*** Opening of GIVEN RECORDS ***

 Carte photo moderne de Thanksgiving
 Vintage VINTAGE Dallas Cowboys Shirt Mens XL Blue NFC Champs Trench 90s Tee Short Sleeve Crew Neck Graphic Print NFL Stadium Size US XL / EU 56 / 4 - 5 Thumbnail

*** Close of GIVEN RECORDS ***
*** Opening of GIVEN RECORDS ***

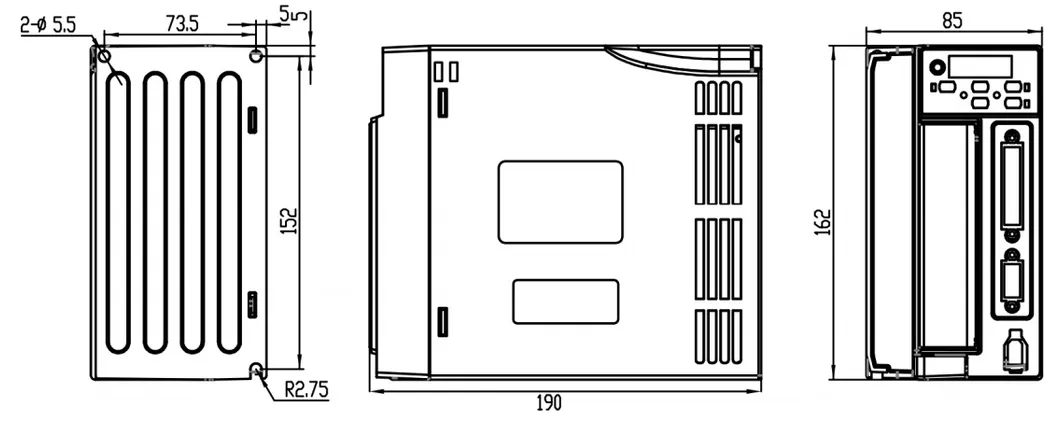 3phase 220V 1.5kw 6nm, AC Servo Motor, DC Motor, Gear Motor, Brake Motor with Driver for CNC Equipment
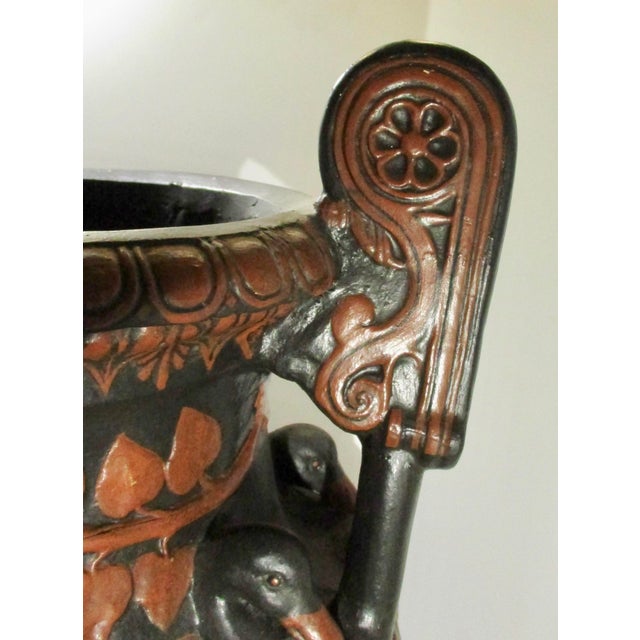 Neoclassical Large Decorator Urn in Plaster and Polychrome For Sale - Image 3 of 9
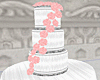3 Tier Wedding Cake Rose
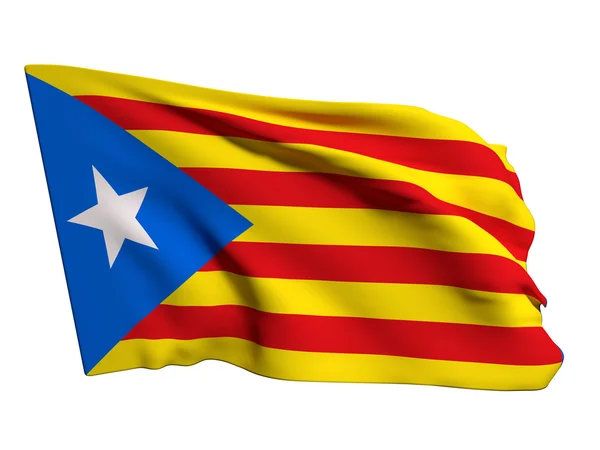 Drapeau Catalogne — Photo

*** Close of GIVEN RECORDS ***

◆ TASK DIRECTIONS
Start with the line above that contains "Carte photo moderne de Thanksgiving" and end with the line that contains "Vintage VINTAGE Dallas". Write out those lines exactly, and only those.

◆ REPLY
 Carte photo moderne de Thanksgiving
 Vintage VINTAGE Dallas Cowboys Shirt Mens XL Blue NFC Champs Trench 90s Tee Short Sleeve Crew Neck Graphic Print NFL Stadium Size US XL / EU 56 / 4 - 5 Thumbnail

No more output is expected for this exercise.